One interesting thing to pay attention to in this exercise is that we do not explicitly label the images as horses or humans. If you remember with the fashion example earlier, we had labelled ‘this is a 1’, ‘this is a 7’ etc.

Later you’ll see something called an ImageGenerator being used – and this is coded to read images from subdirectories, and automatically label them from the name of that subdirectory. So, for example, you will have a ‘training’ directory containing a ‘horses’ directory and a ‘humans’ one. ImageGenerator will label the images appropriately for you, reducing a coding step. Sounds neat, right?

Now, let’s take a look at a few pictures in the horses and humans subdirectories under the horse-or-human parent directory to get a better sense of what they look like. The same can be done for the validation set

library(EBImage)
library(knitr)

# List the Files in a Directory/Folder
train_horses_names <- list.files(
  path = "C:/Users/keras/Documents/tf_R/horse-or-human/horses",
  pattern = ".png",
  all.files = TRUE,
  full.names = TRUE,
  no.. = TRUE
  )
# total number of horse images in the directory
cat("total training horse images:", length(train_horses_names), "\n")

## total training horse images: 500

# List the Files in a Directory/Folder
train_humans_names <- list.files(
  path = "C:/Users/keras/Documents/tf_R/horse-or-human/humans",
  pattern = ".png",
  all.files = TRUE,
  full.names = TRUE,
  no.. = TRUE
)
# total number of human images in the directory
cat("total training human images:", length(train_humans_names))

## total training human images: 527

# Awesome, now let's whip up some R code which randomly takes 8 pictures
# of the horses and humans and displays them

train_horses_disp <- sample(
  train_horses_names,
  size = 8,
  replace = FALSE
)
train_humans_disp <- sample(
  train_humans_names,
  size = 8,
  replace = FALSE
)


# reading the images in the paths into a single Image object containing an array of doubles
img_ob <- EBImage::readImage(c(train_horses_disp,train_humans_disp))

# displaying the randomly selected images
img_disp <- EBImage::display(
  img_ob,
  method = 'raster',
  all = TRUE,
  nx = 4,
  spacing = c(0,0)
  
)

Building a small model from scratch

Very quickly, from the previous session: A convolution is a filter that passes over an image, processing it, and extracting features that show a commonolatity in the image such that if an image has certain features, it belongs to a particular class. Convolutional layers learn the features and pass these to the dense layers which map the learned features to the given labels.

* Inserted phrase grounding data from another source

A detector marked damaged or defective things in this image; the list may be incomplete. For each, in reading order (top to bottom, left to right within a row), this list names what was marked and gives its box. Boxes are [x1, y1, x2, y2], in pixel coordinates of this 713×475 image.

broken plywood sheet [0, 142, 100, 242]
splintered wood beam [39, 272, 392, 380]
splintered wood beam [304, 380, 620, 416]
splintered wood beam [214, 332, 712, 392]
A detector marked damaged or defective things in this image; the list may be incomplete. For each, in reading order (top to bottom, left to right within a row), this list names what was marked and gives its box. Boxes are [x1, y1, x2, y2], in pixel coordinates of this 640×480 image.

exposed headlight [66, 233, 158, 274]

Pooling reduces the amount of irrelevant information in an image while maintaining the features that are detected.

suppressPackageStartupMessages({
 library(tidyverse)
library(keras) 
})

Instantiating a Convolution

We then add convolutional layers as in the previous example, and flatten the final result to feed into the densely connected layers. Finally we add the densely connected layers.

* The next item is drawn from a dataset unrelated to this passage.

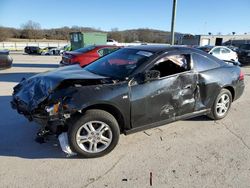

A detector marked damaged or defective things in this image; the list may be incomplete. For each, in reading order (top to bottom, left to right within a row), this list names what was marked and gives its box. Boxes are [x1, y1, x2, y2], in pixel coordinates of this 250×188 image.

crumpled hood [12, 65, 107, 110]
broken plastic debris [58, 131, 76, 156]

model <- keras_model_sequential() %>%
  # adding the first convolution layer with 16 3by3 filters
  # we add an additional dimension in the input shape since convolutions operate over 3D tensors
  # the input shape tells the network that the first layer should expect
  # images of 300 by 300 pixels with a color depth of 3 ie RGB images
  layer_conv_2d(input_shape = c(300, 300, 3), filters = 16, kernel_size = c(3,3), activation = 'relu') %>%
  # adding a max pooling layer which halves the dimensions
  layer_max_pooling_2d(pool_size = c(2,2)) %>%
  # adding a second convolution layer with 32 filters
  layer_conv_2d(filters = 32, kernel_size = c(3,3), activation = 'relu') %>% 
  # adding a pooling layer
  layer_max_pooling_2d(pool_size = c(2,2)) %>% 
  # increasing number of filters as image size decreases
  layer_conv_2d(filters = 64, kernel_size = c(3,3), activation = 'relu') %>%      # adding a pooling layer
  layer_max_pooling_2d(pool_size = c(2, 2))

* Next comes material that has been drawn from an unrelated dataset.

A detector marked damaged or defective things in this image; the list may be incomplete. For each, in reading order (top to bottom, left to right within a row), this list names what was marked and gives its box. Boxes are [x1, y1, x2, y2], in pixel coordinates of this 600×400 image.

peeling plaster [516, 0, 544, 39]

Adding a classifier to the convnet

Convolutional layers learn the features and pass these to the dense layers which map the learned features to the given labels. Therefore, the next step is to feed the last output tensor into a densely connected classifier network like those we’re already familiar with: a stack of dense layers. These classifiers process vectors, which are 1D, whereas the current output is a 3D tensor. First we have to flatten the 3D outputs to 1D, and then add a few dense layers on top.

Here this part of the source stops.